La recherche ? Des idées et des rêves…
Développer une idée qui peut changer le monde… Les chercheurs s’éloignent souvent de cette voie.
« L es
idées, c’est cela qui fait tourner notre économie », avait déclaré Obama en lançant la pharaonique Brain Initiative par laquelle les Etats-Unis prétendent au leadership mondial en neurosciences. « Nous investissons dans les meilleures idées avant tout le monde », poursuivait-il, et c’est vrai : aucun pays ne sait mieux que les Américains doter une idée révolutionnaire en moyens. La France n’a pas cette dynamique de l’audace, elle qui a raté des génies comme Pierre Omidyar (eBay), Cheick Modibo Diarra (Nasa) ou Franck Zal (qui a découvert que l’hémoglobine d’arénicole est universellement transfusable).
Le public n’en est pas assez informé, la recherche fondamentale, cette utopie idéaliste, anticonformiste et pleine d’audace, qui était hier entre les mains de Newton, Planck, Einstein, Bohr, Pasteur, Feynman ou Noether, n’est plus qu’un moulin à données. Le chercheur, censé avoir pour seul objectif de poser l’esprit là où aucun humain ne l’a posé avant lui, est le plus souvent un « data zombie », une machine à mouliner de la donnée, voire, bien trop souvent, à la truquer, pour prendre sa place dans une vaste course de dupes que l’on appelle l’indice H (le classement des articles par nombre de citations). Autrefois Einstein écrivait : « Je crois en l’intuition et l’inspiration […] l’imagination est plus importante que la connaissance, car la connaissance est limitée, alors que l’imagination embrasse tout l’univers, stimulant le progrès, fécondant l’évolution. A strictement parler, elle est un facteur réel de la recherche scientifique. » Aujourd’hui, le chercheur tire sa persévérance des classements académiques. Il ne s’agit plus de la même recherche. Avec le recul, les générations suivantes verront dans cette recherche une forme de scolastique médiévale, doxa autoproclamée et jalouse, destinée à être balayée par une nouvelle renaissance scientifique anticonformiste, comme Galilée, Bruno, Copernic ou Léonard ont été les hérétiques à l’orthodoxie bréhaigne de leur temps. Tout récemment, l’excellent Yehezkel Ben-Ari, parce qu’il est directeur émérite à l’Inserm et qu’il peut donc s’exprimer librement, a publié à propos du Humain Brain Project une tribune limpide dans Les Echos : « La vraie innovation se fait toujours en dehors des sentiers battus.
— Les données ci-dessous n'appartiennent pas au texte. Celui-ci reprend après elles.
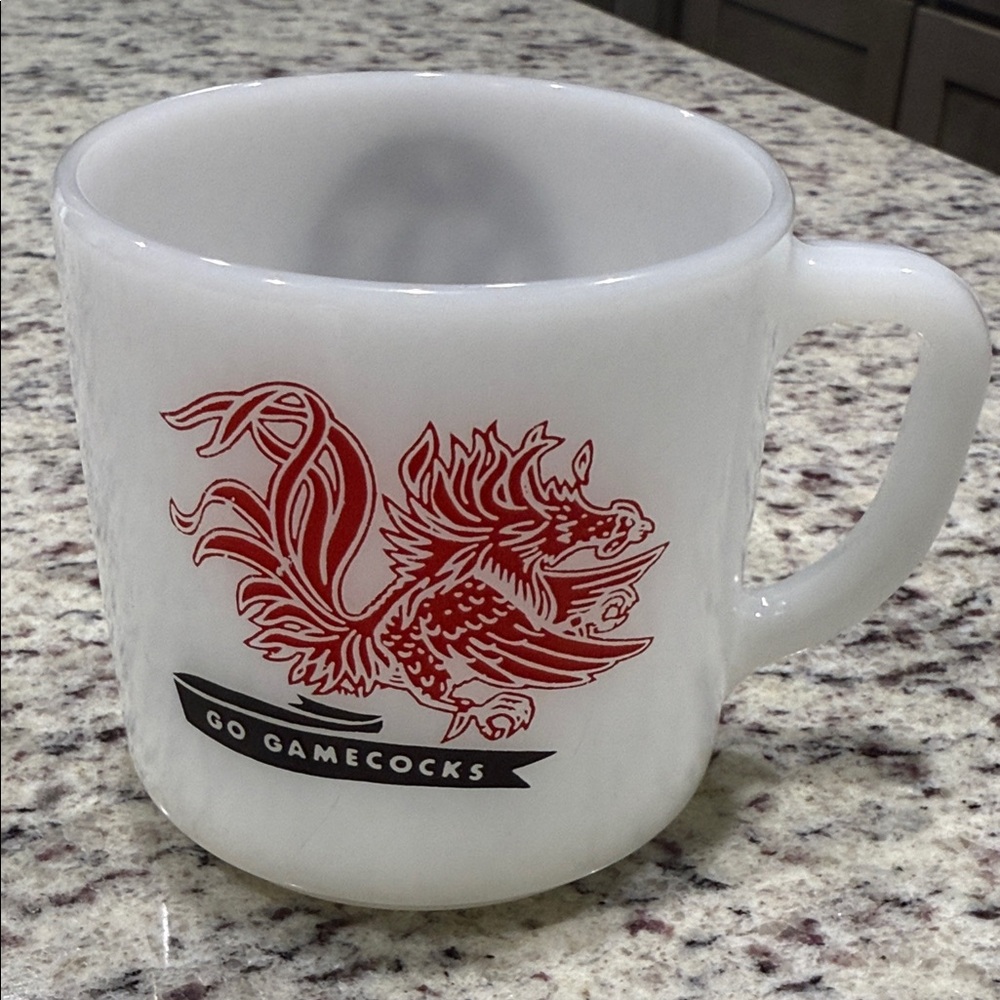 Vintage South Carolina USC Milk Glass Collectable Coffee Mug. New condition.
Il eût été plus judicieux de distribuer 1 million d’euros à un millier d’équipes ayant chacune un projet audacieux, mais circonscrit. Certes, une partie d’entre eux n’auraient rien donné, mais la petite fraction de travaux innovants aurait largement compensé ces pertes et permis d’effectuer de vrais sauts qualitatifs. Mais cela ne cadre pas avec la vogue actuelle des “grands projets” et la volonté de retour sur investissement garanti. »
Qu’est-ce qui doit motiver la recherche, donc ? Les idées et les rêves. Les idées ou les rêves peuvent changer le monde. Les données qui ne sont portées par aucune idée ni aucun rêve ne l’ont jamais fait. Qu’a dit Martin Luther King pour fédérer l’Amérique : « J’ai un rêve » ou « J’ai des données » ? Alors que devrait dire le chercheur à ceux qui le paient ? Tout Homo qui n’est pas sapiens est une aliénation. Homo academicus est plus petit que Homo sapiens, et Homo dataensis est plus petit encore
Le chercheur est devenu un « data zombie », une machine à mouliner de la donnée, voire à la truquer.